Vida, canto y lucha de un barra brava

A propósito del documental “La fortaleza”, que cuenta la historia de tres seguidores del Bucaramanga que viajan para ver a su club, hablamos con estos hinchas que hacen parte de la cultura futbolera en el mundo.

Andrés Osorio Guillott
09 de febrero de 2020 - 02:00 a. m.
Jorge Jácome, uno de los protagonistas del documental "La fortaleza", dirigido por Andrés Torres. / Cortesía
Jorge Jácome, uno de los protagonistas del documental "La fortaleza", dirigido por Andrés Torres. / Cortesía

El hincha se levanta. Todos los días abre sus ojos y lo primero que ve es la bandera de su equipo colgada en la habitación. Los colores están opacos por todos los partidos en que el trapo, como lo llaman los barras bravas, fue ondeado desde la puerta de la casa hasta el estadio, que es visto como templo y ritual.

Los afiches de las leyendas copan las paredes y la camiseta que se alistó desde la noche anterior está en la silla o en la mesa. Desde el celular o desde el parlante suenan las cumbias villeras o los mismos cánticos que cada domingo o miércoles en la noche se entonan hasta que las gargantas parecen reventar y terminan con una sensación de tener miles de granos de arena hirviendo.

El hincha se pone la camiseta y su actitud cambia de inmediato. Siente el orgullo de pertenecer a un color y a una historia. Sabe que esa remera representa los recuerdos de goles que fueron el desahogo de una tristeza o de un odio silenciado por días. Sabe que esa camiseta lo identifica y lo hace compartir un sentimiento común con otros que conoce y con muchos que jamás ha visto, pero con quienes, en caso de que pudiera hablar, sentiría empatía de inmediato pues guardan en la memoria recuerdos del mismo suceso, así sea desde otro ángulo o con diferentes historias y cábalas detrás.

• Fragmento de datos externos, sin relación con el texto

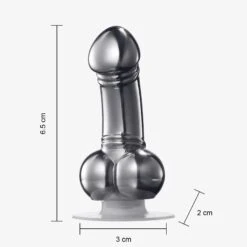 Unique Whiskey & Wine Chiller - Funny Liquor Ice Chilling Suction Cup, Beverage Cooler, Peni Shaped Gag Gift For Whiskey, Bourbon, Tequila, Vodka Lover, Reusable Stainless Steel - Just Freeze It! -Refined Spirits Store PenisWhiskeyChillerdim 1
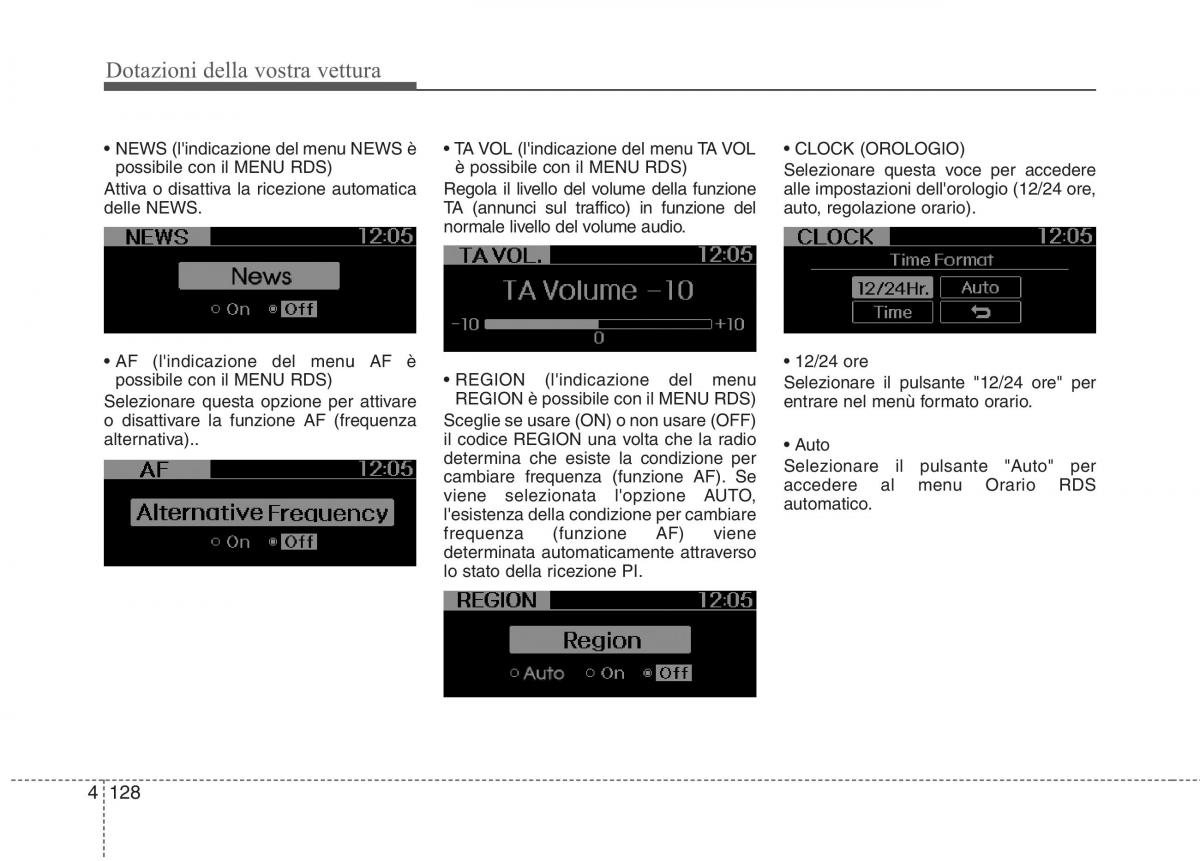 KIA Picanto II 2 manuale del proprietario / page 210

“Los equipos de fútbol representan ciudades. La selección de Colombia representa al país. El fútbol le brinda a la gente alegrías, una forma de evasión y de sentirse orgulloso de ser lo que se es, de ser de esta ciudad, de ser de este país. Este país se vuelve loco cuando gana la selección. ¿Por qué esa reacción de alegría por algo que es tan efímero? Lo mismo con los clubes locales: ¿por qué matarse por un equipo que es una empresa privada? La lógica que yo le encuentro, que parte de mi experiencia y mi reflexión, es que los muchachos que pertenecen a una barra encuentran una necesidad de identificarse con algo positivo. Todos queremos que la ciudad en la que vivimos sea la mejor, todos queremos decir que nuestro equipo es el que más gana. Todo eso es un tema de la identidad que los seres humanos necesitan. Es un deseo de sentirse reconocido también. ¿Qué pasa con los muchachos de los lugares más problemáticos? Que no tienen nada más en qué creer. Hemos llegado a tal punto de decadencia que esa es la única forma de llenar ese vacío para ellos. La mayoría de los pelados problemáticos son hombres hijos de madres solteras, que han sido abandonados por sus padres, que han sido, probablemente, abusados de muchas maneras y que encuentran en la hermandad de la barra y en el malandreo una forma de protegerse, de demostrar su hombría por miedo del mal, de demostrar quién es el más malo, y también porque ahí encuentran un hogar, el hogar que no tienen en su casa, tal vez la educación que no tienen en colegios públicos. Muchos piensan que conocen más viajando por carretera en una mula que en un colegio. Eso también obedece a las lógicas. Y eso que también existe un resentimiento por una sociedad que les niega un espacio. Son lógicas fuertes que responden a problemas esenciales en Colombia”, dice Andrés Torres, director del documental La fortaleza, largometraje que visibilizó la historia de Jorge Jácome, Julián Cepeda y Carlos Cordero, tres barras bravas de Atlético Bucaramanga que emprenden un viaje desde su ciudad hasta Popayán para acompañar a su club en la final de ida del torneo de ascenso en el 2015.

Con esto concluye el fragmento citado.